The Stonewall Riots: I wouldn’t have missed it for the world
Stonewall Inn, 1969 (New York Public Library)
In the United States, actions to protest against discrimination of gay men and lesbians began in the 1950s. A decade later times were ripe for what would become known as the starting point of the gay revolution: the Stonewall Riots. Starting at 1am on a Friday night, 28th June 1969, the riots lasted for six days. Six days where gay men, lesbians, drags queens and transgender people confronted the police to protect and claim their spaces, dignity and rights. The turmoil led to the formation of the intersectional Gay Liberation Front in early July and, later in December, of the Gay Activists Alliance which was more strictly focussed on LGBT issues.

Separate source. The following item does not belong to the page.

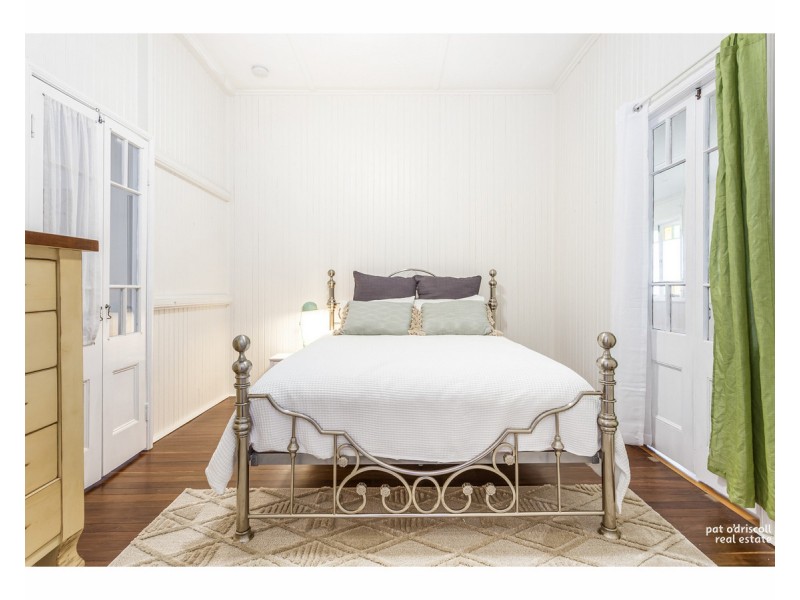 202 Agnes Street, The Range QLD 4700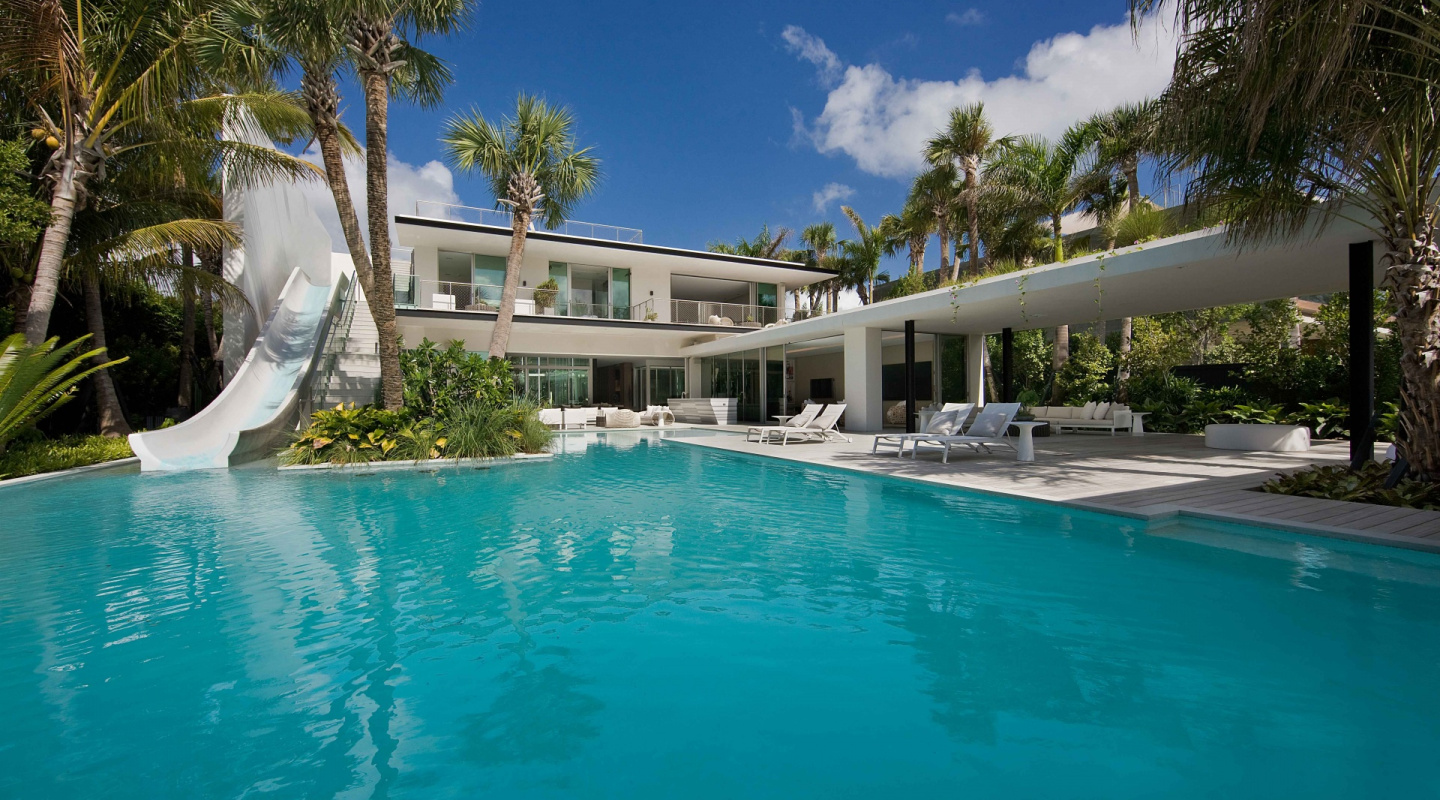 pine tree miami by saota3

The mythology that has developed around the event is not only due to the fact that it, unbeknownst to those who raised their voice that night, made history, but also because of supposedly conflicting accounts of the night. However, David Carter (author of the book ‘Stonewall, the riots that sparked the gay revolution’), shows that when put under close scrutiny, narratives of the night don’t conflict at all and unreliable information can be easily isolated. It was a collective effort in which the whole LGBT community played their role.

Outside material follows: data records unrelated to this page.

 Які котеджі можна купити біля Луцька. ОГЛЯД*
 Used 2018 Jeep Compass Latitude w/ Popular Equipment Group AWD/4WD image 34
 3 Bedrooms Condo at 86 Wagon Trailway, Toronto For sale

Leee Black Childers, a photographer who worked closely with artists pivoting around Andy Warhol’s Factory, is one of the people who witnessed the uproar from outside the Stonewall Inn. He was 24 at the time, and had moved to New York from San Francisco a few years earlier. Looking for alternative lifestyles he found Greenwich Village, an astounding and fascinating mixture of urban realities, from residential houses and deli shops, to the Women’s House of Detention, past the gay scene of the Stonewall Inn in Christopher Street. He recalls a buzzing atmosphere, brightened by mostly gay male youth and statuesque figures running in their stockings up and down late at night. It was around these streets that his passion for photographing drag queens began, thanks to a fortuitous invitation to the wedding of The Factory’s stars Jackie Curtis and Eric Emerson. This was an environment he felt he belonged to; frequented by talented and of control people such as Andrea Whips and Holly Woodlawn, as well as a crossroad of artists who shuttled between Warhol’s Factory in Union Square and Mickey Ruskin’s Max’s Kansas City (originally a steakhouse, with a backroom just dedicated to the craziest people from all avenues of life).
"They're raiding the Stonewall" C456/76/08)
The Stonewall Inn wasn’t the only gay bar in the neighborhood. The Snake Pit, the Checkerboard, and the Sewer were all well-established venues, and had all been raided and shut down in the weeks preceding the riots.
In his interview, Leee Black Childers describes one of the police attacks at the Sewer, an after hour bar, where drag queens were lined up and arrested. He explains how the detention of crossdressers was legally possible due to a law that prohibited masquerading in public. Yet in most of these occasions, although harassed by the police, gay people would be let away unless caught in explicitly homosexual activities.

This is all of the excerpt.